Em High as Hope, Florence traz seus pés de volta ao chão

Jho Brunhara

Revisitar as memórias problemáticas e traumáticas da adolescência não é um trabalho psicológico fácil, mas existem certas feridas que só podem ser curadas através de um coração aberto. Florence Welch está de volta, acompanhada de fantasmas da adolescência e seus sentimentos do agora, amadurecidos e transformados em música. Com um trabalho muito mais curto que os anteriores, a cantora escreve e coproduz as 10 faixas de High as Hope, trazendo elementos sonoros que dialogam com outros momentos de sua carreira.

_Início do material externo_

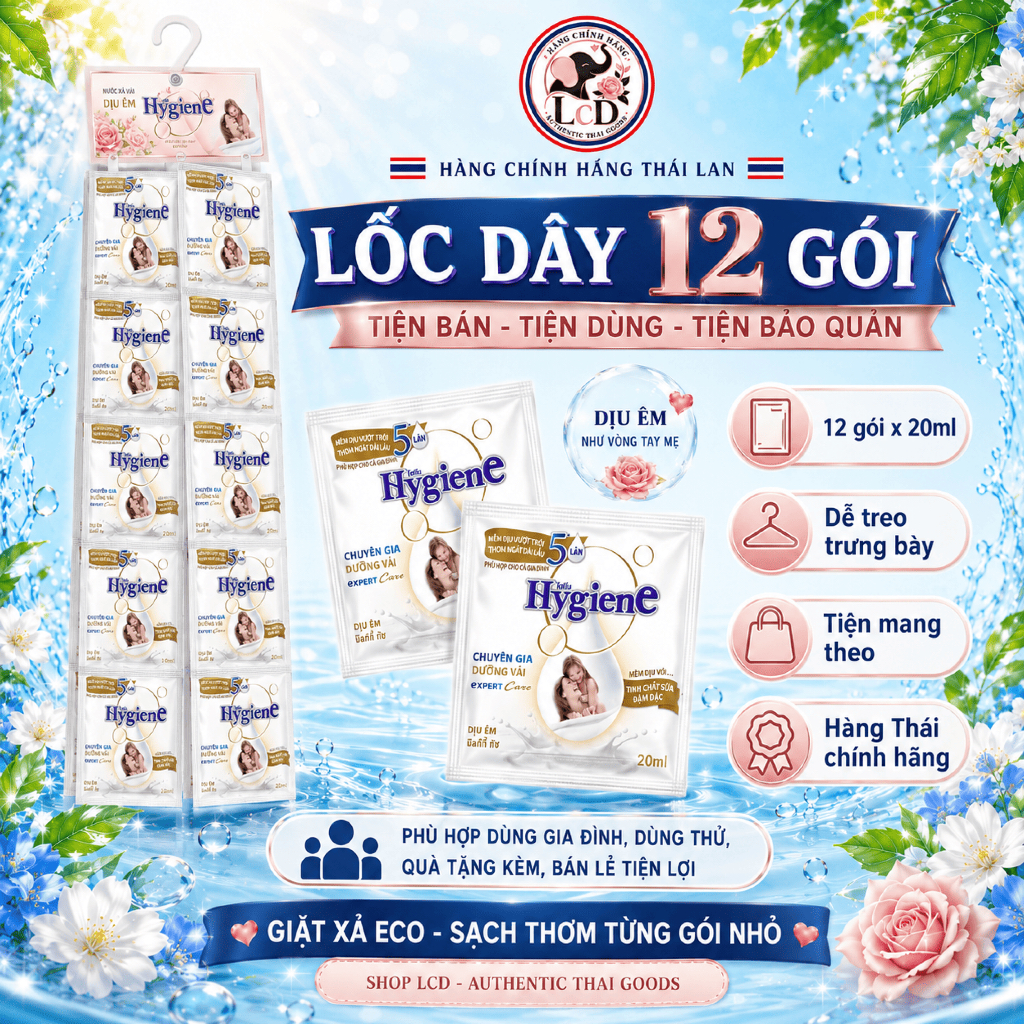1 DÂY 12 GÓI - Nước xả vải đậm đặc Hygiene Expert Care 20ml [TRẮNG-ÊM DỊU CHO LÀN DA] giành cho embe - LcD Thailand Mart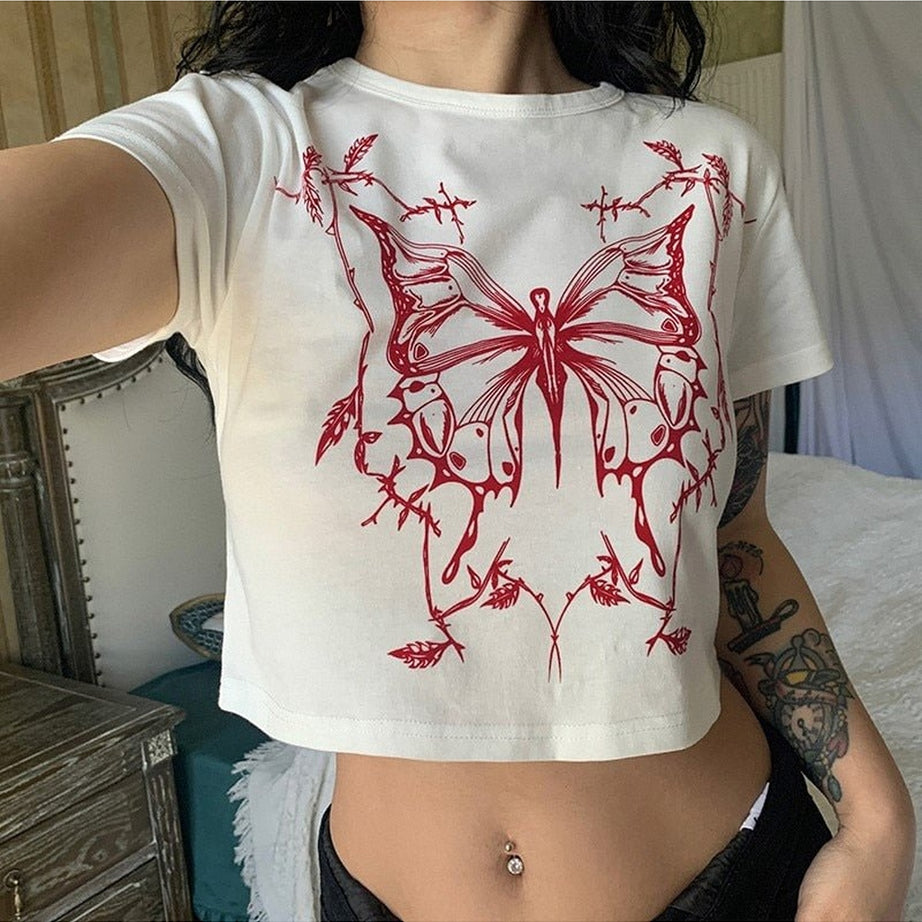 Y2k Butterfly Print Fitted Crop Top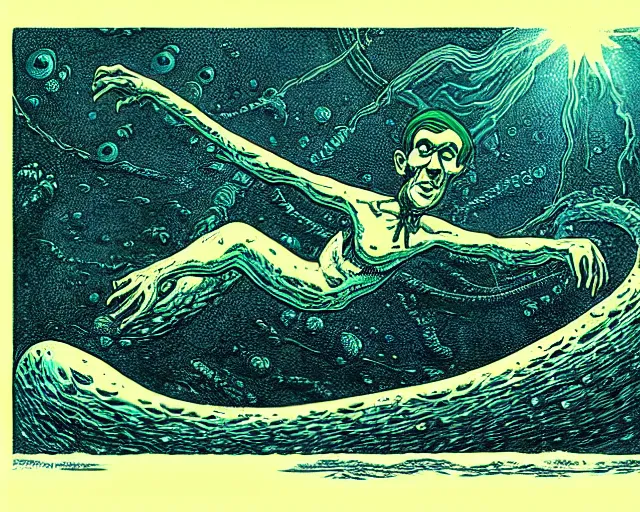 Image similar to h. p. lovecraft swimming in the ocean depths, cosmic horror painting, elegant intricate digital painting artstation concept art by basil wolverton by robert crumb by william eggleston detailed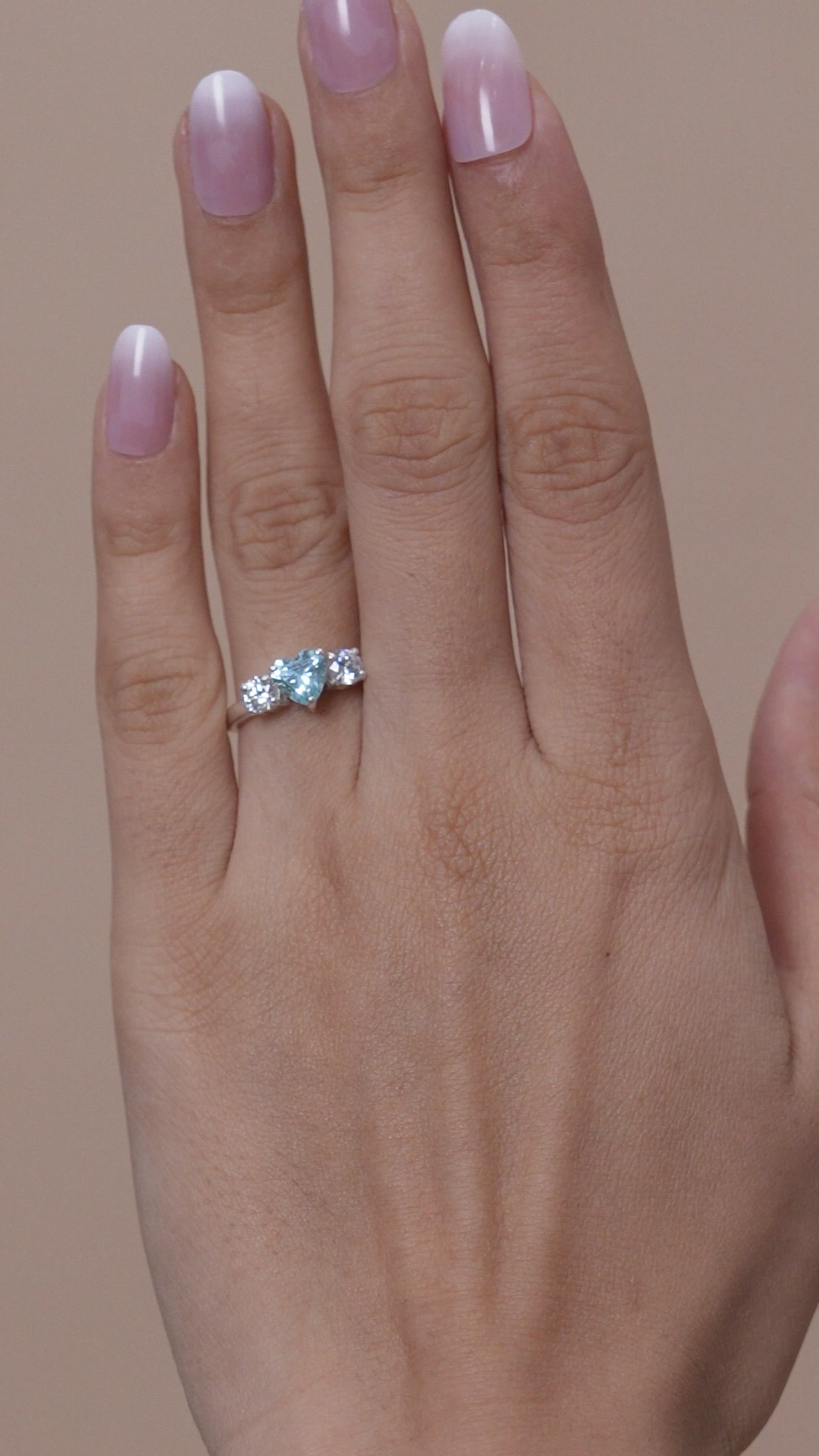Blue Heart Promise Ring | Passionate Adjustable 925 Sterling Silver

Em entrevista, Welch afirmou que gosta de pensar no novo material como um Lungs (seu disco de estreia) com dez anos de experiência. Realmente, as faixas orgânicas e os temas familiares reaproximam-se da cantora de 22 anos que compartilhava seus sentimentos e medos com o mundo, de forma despretensiosa à sua fama ainda não existente. Porém, dessa vez toda sua vida é revista pelo olhar de uma mulher de 31 anos que está sóbria e pronta para revelar a sinceridade de sua alma.

(Vincent Haycock)

Perdida no caos de um mundo carente de amor e mergulhada em traumas e problemas familiares, Florence canaliza todos os seus sentimentos e pensamentos para que esteja high as hope  (tão alta quanto a esperança), em um jogo de palavras que usa high como significado de estar chapada.

Desde a adolescência conturbada, Welch enfrentou problemas relacionados ao abuso de álcool e até outras drogas, também citados em faixas como Hunger, South London Forever e Grace. A ideia de uma adolescente inconsequente, sempre necessitando do uso de substâncias para se desconectar com mundo para viver o melhor de sua vida, é exposta e abandonada no processo de amadurecimento do disco.

Em conexão profunda com si mesma, Florence entende que as superficialidades da vida não trazem a felicidade que busca, nem preenchem o vazio deixado pelos seus traumas.

Foram necessários alguns anos para que todos os acontecimentos pudessem ser absorvidos, e agora trabalhados em sua poesia. A cantora revelou que o álbum inicialmente se chamaria The End of Love, que também é título de uma das faixas do álbum. O fim do amor, mas não do sentimento romântico, o fim de um amor carente e destrutivo – como abordado em Big God, uma ode moderna às mensagens lidas e não respondidas, e nas músicas Hunger e Grace.

O amor relacionado a carência vem dos problemas de Florence com sua mãe e sua irmã, devido à fama e ao período de sua vida em que os vícios a consumiam.

Afastando-se da grandiloquência presente em Ceremonials (2011) – trabalho recheado de instrumentais pesados e faixas orquestradas –, dessa vez Welch apresenta um álbum quieto e calmo. Como em No Choir, a felicidade pode ser sutil, e é exatamente essa a intenção presente no disco. High as Hope não se preocupa com a estrutura de versos e refrões da música pop, e é tão livre quanto quem o canta.

E a simplicidade vai além: longe da persona mística criada ao longo dos anos, Florence coloca os pés no chão, despida de seu lirismo metafórico e de uma atmosfera esotérica, e traz músicas extremamente pessoais, cruas e sinceras, sendo impossível compreender a profundidade do álbum ouvindo-o uma única vez. Entendê-lo também é um processo.

Parece estranho, em primeiro momento, ouvir a voz da cantora sem camadas de reverb, harpas, orquestras, pianos, produção densa e os fantasmas e demônios que compõem a atmosfera de suas canções mais antigas. No entanto, no momento que se compreende que o trabalho de um artista é o reflexo de sua alma no momento da criação, High as Hope faz completo sentido.

O resultado é o disco mais coeso da britânica, em que se despedaçar é apenas mais uma parte do processo de se encontrar e construir seu entendimento da vida. Sóbria, honesta e extremamente humana, Florence deixa que se apresente a mulher por trás do mito, e a realidade se mostra tão poderosa quanto a fantasia.